A very simple heuristic would be to
- represent they circle as a directed, connected cycle graph $G(V,E)$ with vertices $V\ =\ \lbrace v_i\ |\ 1\le i\le n\rbrace$ and directed edges $E=\lbrace e_{ij}=(v_i,v_{i+1})\ |\ 1\le i \lt n\rbrace \cup\lbrace (v_n,v_1)\rbrace$
- map each vertex $v_i$ to $A_i$
- while $E\ne\emptyset$
- determine edge $e_{i,j}^*$ that minimizes the sum $A_i^*+A_j^*$ of adjacent-vertex weights
- record $A_i^*+A_j^*$
- assuming $(v_j^*,v_k)\in E$
- $A_i^* := A_i^*+A_j^*$,
- $E = E\cup (v_i^*,v_k)$,
- $V=V\setminus v_j^*$
That algorithm amounts to finding the pair of adjacent numbers with minimal weight sum,
replace one of the numbers by that sum and remove the other from the circle.

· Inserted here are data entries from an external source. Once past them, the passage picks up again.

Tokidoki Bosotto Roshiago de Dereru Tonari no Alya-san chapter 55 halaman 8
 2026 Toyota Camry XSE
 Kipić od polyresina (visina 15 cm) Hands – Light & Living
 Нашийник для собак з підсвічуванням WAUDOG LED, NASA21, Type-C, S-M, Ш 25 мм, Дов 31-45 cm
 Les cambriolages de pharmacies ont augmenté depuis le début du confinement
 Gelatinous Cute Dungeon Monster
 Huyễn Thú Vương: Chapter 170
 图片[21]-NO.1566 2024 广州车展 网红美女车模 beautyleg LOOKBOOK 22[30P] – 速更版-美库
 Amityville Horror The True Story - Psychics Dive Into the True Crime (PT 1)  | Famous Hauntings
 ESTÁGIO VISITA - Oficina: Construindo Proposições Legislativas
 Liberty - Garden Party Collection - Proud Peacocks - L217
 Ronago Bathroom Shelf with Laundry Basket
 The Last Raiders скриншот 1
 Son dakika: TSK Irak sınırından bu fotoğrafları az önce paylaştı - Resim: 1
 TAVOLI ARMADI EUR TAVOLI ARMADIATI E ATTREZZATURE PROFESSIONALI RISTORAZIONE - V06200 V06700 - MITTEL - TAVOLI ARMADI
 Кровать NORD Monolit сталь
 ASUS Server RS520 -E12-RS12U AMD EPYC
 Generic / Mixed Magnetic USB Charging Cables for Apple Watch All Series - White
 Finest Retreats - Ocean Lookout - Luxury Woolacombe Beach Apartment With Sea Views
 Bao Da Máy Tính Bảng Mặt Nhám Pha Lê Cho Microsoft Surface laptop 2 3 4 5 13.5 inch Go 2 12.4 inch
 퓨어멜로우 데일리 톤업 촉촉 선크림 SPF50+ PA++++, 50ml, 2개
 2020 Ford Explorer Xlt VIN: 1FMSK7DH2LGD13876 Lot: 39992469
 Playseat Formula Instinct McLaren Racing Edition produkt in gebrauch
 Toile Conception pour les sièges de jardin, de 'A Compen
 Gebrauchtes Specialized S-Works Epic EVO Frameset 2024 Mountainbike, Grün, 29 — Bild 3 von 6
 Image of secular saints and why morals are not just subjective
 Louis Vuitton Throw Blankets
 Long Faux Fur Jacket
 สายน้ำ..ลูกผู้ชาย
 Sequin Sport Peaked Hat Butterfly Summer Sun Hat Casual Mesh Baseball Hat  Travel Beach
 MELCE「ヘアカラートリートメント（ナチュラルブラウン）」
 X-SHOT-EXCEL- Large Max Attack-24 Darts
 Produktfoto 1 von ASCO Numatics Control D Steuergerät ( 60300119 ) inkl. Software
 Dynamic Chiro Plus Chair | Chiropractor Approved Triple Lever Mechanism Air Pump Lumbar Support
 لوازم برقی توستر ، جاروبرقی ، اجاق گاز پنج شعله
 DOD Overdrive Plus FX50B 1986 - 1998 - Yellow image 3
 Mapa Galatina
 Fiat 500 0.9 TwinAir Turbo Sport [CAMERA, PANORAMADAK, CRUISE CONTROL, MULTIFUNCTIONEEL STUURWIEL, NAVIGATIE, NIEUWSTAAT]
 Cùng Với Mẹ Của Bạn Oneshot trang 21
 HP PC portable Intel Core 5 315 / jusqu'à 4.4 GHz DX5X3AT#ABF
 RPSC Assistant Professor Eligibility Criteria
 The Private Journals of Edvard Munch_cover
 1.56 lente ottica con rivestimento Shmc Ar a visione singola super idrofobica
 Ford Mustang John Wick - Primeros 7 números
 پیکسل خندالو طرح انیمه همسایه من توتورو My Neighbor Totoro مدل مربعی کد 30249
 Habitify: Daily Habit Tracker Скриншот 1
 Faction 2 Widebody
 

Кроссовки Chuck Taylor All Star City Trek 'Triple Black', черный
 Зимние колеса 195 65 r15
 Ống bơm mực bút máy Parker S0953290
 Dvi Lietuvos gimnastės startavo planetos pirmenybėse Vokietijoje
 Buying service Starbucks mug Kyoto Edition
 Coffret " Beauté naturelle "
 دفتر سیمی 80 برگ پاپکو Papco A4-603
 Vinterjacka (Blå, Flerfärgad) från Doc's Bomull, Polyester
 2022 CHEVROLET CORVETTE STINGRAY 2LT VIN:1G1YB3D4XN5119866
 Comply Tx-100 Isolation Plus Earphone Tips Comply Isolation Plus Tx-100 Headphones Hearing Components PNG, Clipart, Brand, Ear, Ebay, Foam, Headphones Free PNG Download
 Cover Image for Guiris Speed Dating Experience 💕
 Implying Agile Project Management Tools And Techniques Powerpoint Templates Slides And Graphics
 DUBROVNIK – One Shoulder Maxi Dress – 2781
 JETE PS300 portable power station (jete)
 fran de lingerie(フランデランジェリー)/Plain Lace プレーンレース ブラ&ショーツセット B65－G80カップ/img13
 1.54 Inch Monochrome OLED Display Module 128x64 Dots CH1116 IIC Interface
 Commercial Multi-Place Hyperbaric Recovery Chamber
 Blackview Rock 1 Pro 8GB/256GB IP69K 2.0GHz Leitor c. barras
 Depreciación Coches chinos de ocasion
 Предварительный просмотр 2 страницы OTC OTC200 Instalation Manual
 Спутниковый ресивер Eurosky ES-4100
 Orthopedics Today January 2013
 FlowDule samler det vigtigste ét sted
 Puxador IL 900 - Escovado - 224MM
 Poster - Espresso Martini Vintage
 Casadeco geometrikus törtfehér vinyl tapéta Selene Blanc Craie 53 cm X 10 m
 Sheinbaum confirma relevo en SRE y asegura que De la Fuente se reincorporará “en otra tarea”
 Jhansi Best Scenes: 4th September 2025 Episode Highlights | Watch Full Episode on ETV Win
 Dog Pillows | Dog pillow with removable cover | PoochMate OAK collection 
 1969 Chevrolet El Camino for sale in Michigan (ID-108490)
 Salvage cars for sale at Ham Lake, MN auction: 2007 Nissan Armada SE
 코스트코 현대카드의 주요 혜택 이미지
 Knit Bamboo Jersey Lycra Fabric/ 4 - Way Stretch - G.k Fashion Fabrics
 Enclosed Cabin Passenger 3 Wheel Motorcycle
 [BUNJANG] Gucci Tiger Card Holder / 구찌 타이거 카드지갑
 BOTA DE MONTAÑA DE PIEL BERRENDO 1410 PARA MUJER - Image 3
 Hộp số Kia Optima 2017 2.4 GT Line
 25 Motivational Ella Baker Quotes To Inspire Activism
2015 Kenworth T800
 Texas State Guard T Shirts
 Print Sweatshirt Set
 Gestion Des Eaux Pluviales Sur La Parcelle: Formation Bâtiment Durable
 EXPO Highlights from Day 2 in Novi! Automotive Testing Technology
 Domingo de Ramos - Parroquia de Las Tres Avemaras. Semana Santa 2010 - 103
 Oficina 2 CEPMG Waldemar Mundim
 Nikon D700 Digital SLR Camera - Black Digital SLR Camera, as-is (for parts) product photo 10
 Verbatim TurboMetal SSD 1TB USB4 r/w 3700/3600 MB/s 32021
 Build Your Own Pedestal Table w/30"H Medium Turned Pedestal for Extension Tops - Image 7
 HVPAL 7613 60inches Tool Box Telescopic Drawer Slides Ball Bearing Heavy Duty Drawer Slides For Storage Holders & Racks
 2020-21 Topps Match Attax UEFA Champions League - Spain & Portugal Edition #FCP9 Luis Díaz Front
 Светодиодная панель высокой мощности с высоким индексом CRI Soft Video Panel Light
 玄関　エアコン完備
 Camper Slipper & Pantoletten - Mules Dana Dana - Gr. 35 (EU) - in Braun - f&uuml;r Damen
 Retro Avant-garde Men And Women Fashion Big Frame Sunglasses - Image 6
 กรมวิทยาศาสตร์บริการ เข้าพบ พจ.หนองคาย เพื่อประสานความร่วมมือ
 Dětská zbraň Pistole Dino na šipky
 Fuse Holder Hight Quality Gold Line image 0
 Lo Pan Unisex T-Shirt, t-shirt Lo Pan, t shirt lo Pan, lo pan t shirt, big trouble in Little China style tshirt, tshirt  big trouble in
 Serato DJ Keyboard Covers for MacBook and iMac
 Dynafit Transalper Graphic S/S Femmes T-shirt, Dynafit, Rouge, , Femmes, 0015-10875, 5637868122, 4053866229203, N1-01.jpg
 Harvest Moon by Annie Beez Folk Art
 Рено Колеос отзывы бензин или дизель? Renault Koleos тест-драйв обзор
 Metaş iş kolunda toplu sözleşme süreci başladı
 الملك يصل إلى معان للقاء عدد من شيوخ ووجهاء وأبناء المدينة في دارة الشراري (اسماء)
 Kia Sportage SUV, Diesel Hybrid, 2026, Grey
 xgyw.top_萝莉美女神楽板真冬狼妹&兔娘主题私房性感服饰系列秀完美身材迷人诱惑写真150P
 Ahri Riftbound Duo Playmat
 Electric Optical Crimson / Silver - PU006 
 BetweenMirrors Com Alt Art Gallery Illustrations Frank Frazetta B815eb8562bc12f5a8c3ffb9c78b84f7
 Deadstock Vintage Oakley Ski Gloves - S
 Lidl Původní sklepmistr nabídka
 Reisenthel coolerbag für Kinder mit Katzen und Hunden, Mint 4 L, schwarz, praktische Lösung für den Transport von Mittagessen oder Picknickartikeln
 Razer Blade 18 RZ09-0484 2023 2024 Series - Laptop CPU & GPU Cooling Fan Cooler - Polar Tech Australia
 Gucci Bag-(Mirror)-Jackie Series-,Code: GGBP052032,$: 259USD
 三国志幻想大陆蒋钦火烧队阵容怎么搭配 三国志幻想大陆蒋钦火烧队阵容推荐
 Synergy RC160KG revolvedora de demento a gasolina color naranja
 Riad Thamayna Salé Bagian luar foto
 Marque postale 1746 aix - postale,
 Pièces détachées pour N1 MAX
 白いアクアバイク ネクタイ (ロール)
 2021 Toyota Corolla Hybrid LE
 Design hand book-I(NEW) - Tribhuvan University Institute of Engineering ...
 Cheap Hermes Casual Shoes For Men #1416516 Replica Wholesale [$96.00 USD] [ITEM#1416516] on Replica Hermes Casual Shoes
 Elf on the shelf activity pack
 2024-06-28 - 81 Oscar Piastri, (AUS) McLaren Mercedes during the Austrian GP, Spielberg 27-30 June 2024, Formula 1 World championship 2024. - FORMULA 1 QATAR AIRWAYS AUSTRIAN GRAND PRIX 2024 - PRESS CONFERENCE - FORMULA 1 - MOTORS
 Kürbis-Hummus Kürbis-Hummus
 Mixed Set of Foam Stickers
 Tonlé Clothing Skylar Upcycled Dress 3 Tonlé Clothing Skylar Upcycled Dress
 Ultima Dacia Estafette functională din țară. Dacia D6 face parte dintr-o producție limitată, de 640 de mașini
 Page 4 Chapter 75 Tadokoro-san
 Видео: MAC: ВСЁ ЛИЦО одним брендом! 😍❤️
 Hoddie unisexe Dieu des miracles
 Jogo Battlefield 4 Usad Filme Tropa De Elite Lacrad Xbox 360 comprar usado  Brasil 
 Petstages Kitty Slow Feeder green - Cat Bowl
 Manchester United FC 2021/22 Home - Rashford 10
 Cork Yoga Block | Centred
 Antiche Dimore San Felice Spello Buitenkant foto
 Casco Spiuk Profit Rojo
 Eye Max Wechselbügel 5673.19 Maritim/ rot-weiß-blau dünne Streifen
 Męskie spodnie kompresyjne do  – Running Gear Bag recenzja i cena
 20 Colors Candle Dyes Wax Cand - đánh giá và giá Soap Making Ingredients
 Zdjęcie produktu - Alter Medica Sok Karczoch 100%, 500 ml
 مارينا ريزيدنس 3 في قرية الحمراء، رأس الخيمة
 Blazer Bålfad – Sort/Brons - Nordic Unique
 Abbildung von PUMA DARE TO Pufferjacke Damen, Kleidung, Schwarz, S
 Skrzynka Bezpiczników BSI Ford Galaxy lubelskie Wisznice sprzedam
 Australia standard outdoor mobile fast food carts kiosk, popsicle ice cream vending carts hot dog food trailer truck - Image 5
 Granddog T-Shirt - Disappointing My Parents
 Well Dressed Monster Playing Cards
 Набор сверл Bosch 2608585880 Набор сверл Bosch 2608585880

The time complexity is $O(n^2)$, which surely isn't optimal; utilizing priority queues will certainly bring it down to $O(n\log(n))$
I like the question, because it poses different challenges like e.g. a linear programming formulation or to determine the most appropriate graph theoretic algorithm.
running the algorithm with the sequence provided by the PO in a comment yields
$9,\ 4,\ (2+3),\ 2,\ 9\ \mapsto\ 9,\ 4,\ (5+2),\ 9\ \mapsto\ 9,\ (4+7),\ 9\ \mapsto\ (9+9),\ 11\ \mapsto\ (18+11)$, resp.
$9,\ 4,\ 2,\ (3+2),\ 9\ \mapsto\ 9,\ (4+2),\ 5,\ 9\ \mapsto\ 9,\ (6+5),\ 9\ \mapsto\ (9+9),\ 11\ \mapsto\ (18+11)$
the numbers generated by additon are $5,7,11,18,29$, resp. $5,6,11,18,29$, demonstrating that the heuristic fails to generate the optimal sequence of additions; please keep in mind that the numbers are arranged on a circle, which is why the $(9+9)$ sums are "legal".